W krainie Afrodyty

„I pomyśleć, że dzisiaj rano śnieg padał nam na głowy!” - tymi słowami powitaliśmy cypryjską ziemię – tam prawie lato, w Polsce jeszcze pogoda postanowiła zafundować białe święta, szkoda, że wielkanocne. 

Pełni zapału ruszyliśmy z Larnaki do Pafos, w którym miały brać początek nasze wspaniałe wyprawy rowerowe na wypożyczanych dwóch kółkach. Uznaliśmy, że jedziemy na tak krótki czas, że przewożenie własnych będzie mało opłacalne – korespondencję z wypożyczalniami w Pafos kontynuowałam przez cały miniony tydzień, po to by ostatecznie dowiedzieć się, że rowery owszem możemy mieć, ale dopiero od drugiego dnia pobytu na wyspie.

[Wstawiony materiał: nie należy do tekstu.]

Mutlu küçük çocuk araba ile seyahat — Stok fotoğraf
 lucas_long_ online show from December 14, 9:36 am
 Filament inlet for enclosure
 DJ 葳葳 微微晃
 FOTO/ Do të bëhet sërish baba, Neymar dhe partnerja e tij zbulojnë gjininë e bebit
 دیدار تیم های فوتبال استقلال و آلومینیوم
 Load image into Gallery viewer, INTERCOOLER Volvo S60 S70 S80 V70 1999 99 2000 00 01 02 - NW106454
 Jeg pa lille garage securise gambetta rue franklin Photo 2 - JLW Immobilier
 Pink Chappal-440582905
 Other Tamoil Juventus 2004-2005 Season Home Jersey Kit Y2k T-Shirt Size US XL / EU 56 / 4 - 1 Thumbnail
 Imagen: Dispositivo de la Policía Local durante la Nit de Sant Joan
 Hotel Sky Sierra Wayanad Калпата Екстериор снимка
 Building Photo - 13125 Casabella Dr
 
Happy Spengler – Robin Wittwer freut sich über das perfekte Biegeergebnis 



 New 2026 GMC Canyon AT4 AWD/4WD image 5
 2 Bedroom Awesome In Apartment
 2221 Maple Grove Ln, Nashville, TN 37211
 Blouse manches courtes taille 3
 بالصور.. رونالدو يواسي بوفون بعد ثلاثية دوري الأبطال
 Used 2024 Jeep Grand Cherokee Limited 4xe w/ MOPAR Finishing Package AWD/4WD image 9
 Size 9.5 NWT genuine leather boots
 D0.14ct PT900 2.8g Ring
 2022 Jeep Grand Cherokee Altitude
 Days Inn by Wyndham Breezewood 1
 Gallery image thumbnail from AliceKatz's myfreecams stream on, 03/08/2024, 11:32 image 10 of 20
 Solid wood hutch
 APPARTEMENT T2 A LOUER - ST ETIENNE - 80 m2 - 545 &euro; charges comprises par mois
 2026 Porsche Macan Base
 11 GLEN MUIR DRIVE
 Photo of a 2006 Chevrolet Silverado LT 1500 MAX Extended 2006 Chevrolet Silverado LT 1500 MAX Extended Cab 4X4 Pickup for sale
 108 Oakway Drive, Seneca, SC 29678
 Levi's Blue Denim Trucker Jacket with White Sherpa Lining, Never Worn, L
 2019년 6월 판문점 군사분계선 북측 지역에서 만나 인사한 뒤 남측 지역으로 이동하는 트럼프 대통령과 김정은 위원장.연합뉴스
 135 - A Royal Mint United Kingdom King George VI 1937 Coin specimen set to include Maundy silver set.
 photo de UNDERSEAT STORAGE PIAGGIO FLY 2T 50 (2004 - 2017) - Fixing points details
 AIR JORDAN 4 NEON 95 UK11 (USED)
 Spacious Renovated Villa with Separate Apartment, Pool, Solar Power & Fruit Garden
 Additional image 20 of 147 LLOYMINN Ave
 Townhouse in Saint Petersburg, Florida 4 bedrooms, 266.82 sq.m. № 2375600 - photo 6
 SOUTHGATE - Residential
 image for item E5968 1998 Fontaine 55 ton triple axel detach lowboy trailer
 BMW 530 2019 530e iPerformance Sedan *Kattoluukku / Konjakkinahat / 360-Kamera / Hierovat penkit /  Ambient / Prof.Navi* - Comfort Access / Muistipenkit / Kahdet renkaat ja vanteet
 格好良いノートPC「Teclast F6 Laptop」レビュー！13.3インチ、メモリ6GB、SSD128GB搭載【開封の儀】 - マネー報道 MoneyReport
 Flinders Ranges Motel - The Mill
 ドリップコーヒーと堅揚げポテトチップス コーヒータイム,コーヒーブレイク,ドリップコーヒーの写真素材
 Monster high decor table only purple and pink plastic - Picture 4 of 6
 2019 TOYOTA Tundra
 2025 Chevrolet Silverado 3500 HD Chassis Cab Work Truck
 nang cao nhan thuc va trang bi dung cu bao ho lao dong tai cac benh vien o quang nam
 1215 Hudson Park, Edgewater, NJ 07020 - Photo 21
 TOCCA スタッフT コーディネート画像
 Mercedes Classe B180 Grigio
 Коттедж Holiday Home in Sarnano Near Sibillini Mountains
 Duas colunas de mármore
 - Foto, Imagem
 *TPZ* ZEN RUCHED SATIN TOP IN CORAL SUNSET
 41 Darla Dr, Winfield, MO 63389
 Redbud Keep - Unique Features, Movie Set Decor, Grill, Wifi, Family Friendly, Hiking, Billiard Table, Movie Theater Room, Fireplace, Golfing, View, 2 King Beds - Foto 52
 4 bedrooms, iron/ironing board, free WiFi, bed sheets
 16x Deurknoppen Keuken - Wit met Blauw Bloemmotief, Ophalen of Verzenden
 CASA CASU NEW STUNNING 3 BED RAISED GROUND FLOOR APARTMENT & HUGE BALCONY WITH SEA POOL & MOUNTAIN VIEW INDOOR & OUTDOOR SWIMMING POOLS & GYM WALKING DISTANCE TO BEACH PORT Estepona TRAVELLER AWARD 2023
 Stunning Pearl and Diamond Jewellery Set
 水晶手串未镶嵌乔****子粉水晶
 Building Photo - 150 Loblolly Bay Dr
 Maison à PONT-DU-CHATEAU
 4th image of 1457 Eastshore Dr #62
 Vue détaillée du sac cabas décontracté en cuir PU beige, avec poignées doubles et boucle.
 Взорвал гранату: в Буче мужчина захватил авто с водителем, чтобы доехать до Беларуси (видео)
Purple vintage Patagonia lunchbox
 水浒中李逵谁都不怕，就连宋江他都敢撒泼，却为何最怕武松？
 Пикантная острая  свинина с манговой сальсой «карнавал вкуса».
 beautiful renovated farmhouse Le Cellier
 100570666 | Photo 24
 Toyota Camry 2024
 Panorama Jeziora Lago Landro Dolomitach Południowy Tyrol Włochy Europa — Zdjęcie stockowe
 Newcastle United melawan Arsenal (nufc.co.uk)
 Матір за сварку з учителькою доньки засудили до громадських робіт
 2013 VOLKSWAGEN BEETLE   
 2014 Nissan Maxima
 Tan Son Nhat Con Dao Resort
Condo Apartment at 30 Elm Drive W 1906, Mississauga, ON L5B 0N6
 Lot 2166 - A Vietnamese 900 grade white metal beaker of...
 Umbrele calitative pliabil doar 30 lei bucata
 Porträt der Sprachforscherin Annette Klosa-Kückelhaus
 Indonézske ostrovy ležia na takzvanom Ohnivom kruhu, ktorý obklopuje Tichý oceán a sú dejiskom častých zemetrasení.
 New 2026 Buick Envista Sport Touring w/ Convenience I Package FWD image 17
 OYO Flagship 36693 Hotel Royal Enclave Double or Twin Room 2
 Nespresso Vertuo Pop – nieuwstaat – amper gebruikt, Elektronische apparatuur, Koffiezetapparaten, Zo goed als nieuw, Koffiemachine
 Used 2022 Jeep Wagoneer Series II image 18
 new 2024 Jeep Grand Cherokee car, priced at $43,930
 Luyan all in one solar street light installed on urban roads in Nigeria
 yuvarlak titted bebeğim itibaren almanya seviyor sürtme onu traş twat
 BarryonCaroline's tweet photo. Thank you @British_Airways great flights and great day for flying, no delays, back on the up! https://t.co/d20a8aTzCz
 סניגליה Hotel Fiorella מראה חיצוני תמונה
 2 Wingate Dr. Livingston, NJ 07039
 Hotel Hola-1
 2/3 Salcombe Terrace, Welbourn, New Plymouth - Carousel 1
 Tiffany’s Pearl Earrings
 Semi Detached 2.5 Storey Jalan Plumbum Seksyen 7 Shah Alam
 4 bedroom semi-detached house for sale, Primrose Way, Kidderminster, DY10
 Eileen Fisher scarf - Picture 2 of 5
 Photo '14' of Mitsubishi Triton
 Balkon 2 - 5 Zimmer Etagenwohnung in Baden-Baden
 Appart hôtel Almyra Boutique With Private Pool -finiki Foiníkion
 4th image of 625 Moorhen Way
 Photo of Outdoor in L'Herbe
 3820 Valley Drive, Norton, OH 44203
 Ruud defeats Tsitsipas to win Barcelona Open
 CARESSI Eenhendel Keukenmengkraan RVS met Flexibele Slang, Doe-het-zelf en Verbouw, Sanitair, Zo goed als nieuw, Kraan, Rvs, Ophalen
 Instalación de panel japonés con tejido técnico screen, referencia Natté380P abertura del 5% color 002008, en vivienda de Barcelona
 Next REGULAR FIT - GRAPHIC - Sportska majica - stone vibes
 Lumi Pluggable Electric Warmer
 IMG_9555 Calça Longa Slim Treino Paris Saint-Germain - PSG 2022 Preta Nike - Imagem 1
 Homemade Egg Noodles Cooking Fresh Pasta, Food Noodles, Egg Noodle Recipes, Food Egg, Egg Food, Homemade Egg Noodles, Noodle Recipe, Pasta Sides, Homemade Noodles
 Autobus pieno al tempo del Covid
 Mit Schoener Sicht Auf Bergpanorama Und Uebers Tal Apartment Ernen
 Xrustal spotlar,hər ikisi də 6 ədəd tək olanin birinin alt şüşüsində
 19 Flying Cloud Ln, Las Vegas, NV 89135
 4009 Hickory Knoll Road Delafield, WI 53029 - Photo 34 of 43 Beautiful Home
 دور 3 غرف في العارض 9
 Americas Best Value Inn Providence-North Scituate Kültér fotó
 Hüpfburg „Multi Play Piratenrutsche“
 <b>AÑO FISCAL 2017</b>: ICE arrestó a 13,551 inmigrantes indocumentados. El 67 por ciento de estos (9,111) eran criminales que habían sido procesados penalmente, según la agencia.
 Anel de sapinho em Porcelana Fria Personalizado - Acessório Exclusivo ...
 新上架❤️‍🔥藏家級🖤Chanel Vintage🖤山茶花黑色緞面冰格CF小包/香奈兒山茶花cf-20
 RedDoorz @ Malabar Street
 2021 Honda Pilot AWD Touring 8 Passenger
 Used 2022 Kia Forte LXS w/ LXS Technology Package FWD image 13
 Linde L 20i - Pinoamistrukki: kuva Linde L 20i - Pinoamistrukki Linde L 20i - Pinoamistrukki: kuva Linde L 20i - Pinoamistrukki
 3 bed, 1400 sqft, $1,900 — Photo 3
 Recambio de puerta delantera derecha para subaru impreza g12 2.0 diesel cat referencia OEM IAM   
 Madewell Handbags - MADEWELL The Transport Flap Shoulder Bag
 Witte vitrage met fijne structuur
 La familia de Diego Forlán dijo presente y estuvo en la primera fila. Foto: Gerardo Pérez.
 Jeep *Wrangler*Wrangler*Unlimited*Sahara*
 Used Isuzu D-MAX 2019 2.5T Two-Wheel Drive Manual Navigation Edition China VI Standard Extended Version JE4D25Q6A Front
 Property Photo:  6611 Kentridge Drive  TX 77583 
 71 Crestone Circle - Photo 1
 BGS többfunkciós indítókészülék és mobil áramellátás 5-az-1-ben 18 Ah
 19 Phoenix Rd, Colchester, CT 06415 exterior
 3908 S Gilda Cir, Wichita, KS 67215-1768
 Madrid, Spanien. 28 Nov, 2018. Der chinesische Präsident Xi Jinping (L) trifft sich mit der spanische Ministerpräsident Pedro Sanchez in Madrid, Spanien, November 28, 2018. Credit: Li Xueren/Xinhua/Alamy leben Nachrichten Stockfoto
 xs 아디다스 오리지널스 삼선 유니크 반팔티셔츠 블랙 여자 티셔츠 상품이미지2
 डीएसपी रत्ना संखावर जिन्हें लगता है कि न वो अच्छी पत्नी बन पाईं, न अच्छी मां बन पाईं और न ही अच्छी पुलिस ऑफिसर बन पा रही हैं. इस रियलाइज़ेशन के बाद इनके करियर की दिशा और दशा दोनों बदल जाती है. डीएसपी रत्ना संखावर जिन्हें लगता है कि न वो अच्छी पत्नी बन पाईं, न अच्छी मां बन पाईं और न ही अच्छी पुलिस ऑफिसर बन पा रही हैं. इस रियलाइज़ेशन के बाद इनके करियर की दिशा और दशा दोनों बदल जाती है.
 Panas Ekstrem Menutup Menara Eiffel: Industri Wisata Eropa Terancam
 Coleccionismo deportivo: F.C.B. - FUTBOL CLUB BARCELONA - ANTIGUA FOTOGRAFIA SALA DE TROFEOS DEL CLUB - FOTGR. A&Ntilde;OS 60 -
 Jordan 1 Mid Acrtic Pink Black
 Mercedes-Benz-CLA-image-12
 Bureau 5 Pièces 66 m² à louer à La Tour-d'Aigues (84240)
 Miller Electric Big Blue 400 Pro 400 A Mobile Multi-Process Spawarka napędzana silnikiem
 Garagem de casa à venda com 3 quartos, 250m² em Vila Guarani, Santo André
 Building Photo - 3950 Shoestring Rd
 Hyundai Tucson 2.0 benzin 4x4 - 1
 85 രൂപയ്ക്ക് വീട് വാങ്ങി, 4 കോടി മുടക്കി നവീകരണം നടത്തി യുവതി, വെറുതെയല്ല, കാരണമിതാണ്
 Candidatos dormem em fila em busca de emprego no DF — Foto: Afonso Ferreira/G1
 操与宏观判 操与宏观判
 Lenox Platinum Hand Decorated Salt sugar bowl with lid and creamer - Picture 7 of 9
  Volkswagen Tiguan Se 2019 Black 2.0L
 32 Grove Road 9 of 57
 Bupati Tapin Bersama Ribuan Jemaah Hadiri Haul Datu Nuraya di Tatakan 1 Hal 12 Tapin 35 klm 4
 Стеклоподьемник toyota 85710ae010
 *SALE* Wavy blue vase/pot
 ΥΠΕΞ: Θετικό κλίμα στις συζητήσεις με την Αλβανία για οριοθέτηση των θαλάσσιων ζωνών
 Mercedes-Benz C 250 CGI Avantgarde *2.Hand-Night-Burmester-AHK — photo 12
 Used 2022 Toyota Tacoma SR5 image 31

Zatrzymaliśmy się w Kato Pafos, czyli Dolnym Pafos, części miasta położonej bezpośrednio nad morzem, pełnej wąskich uliczek z niską zabudową, charakterystyczną dla południa Europy, i miłych restauracji. Gdzieniegdzie, pomiędzy budynkami, dawało się dostrzec turkusowe morze. Po prostu wakacje.

Gdy już rozpakowaliśmy się w mieszkaniu udostępnionym przez znajomych, poszliśmy na kolację. Nasz wybór padł na chińską restaurację położoną przy jednej z głównych ulic. Urocza właścicielka, Chinka mieszkająca na Cyprze od 15 lat, zaserwowała nam tradycyjne dania swojej kuchni i jednocześnie przybliżyła codzienne życie mieszkańców wyspy. Rdzennych mieszkańców określiła jako miłych i pogodnych, ale niezbyt pracowitych, wg jej słów na wyspie pracy nie brakuje, tylko trzeba ją chcieć wykonywać. Po kilkunastu latach spędzonych na Cyprze nasza restauratorka czuje się Cypryjką, ale zapytana o to, gdzie jest jej dom, bez chwili namysłu odpowiada „w Chinach!”.
Następnego dnia, o poranku, pełna wiary i nadziei ruszyłam w miasto w poszukiwaniu miejsca, które mogło pomóc zaspokoić nasz głód rowerowy (wypożyczenie bicykli wzięłam na siebie, bo to mnie przede wszystkim korba kręci). Dzięki wskazówkom spotkanej poprzedniego dnia Chinki już po kilku krokach wypatrzyłam to, czego potrzebowałam – rząd równo ustawionych rowerów z daleka rzucał się w oczy, a ja czym prędzej rzuciłam się na dwa górskie. Tym razem obsługiwał mnie Rosjanin, który od czterech lat spędza wakacje na Cyprze, przy okazji pracując w wypożyczalni rowerów „czego chcieć więcej? Słońce, ciepło, piękne otoczenie, przyjemna praca – to wakacje”. Zabawna to była konwersacja, gdyż niekiedy słowa brakujące po angielsku zastępowaliśmy rosyjskimi i odwrotnie, gdy postanowiliśmy odświeżyć język, którego uczyliśmy się w podstawówce. 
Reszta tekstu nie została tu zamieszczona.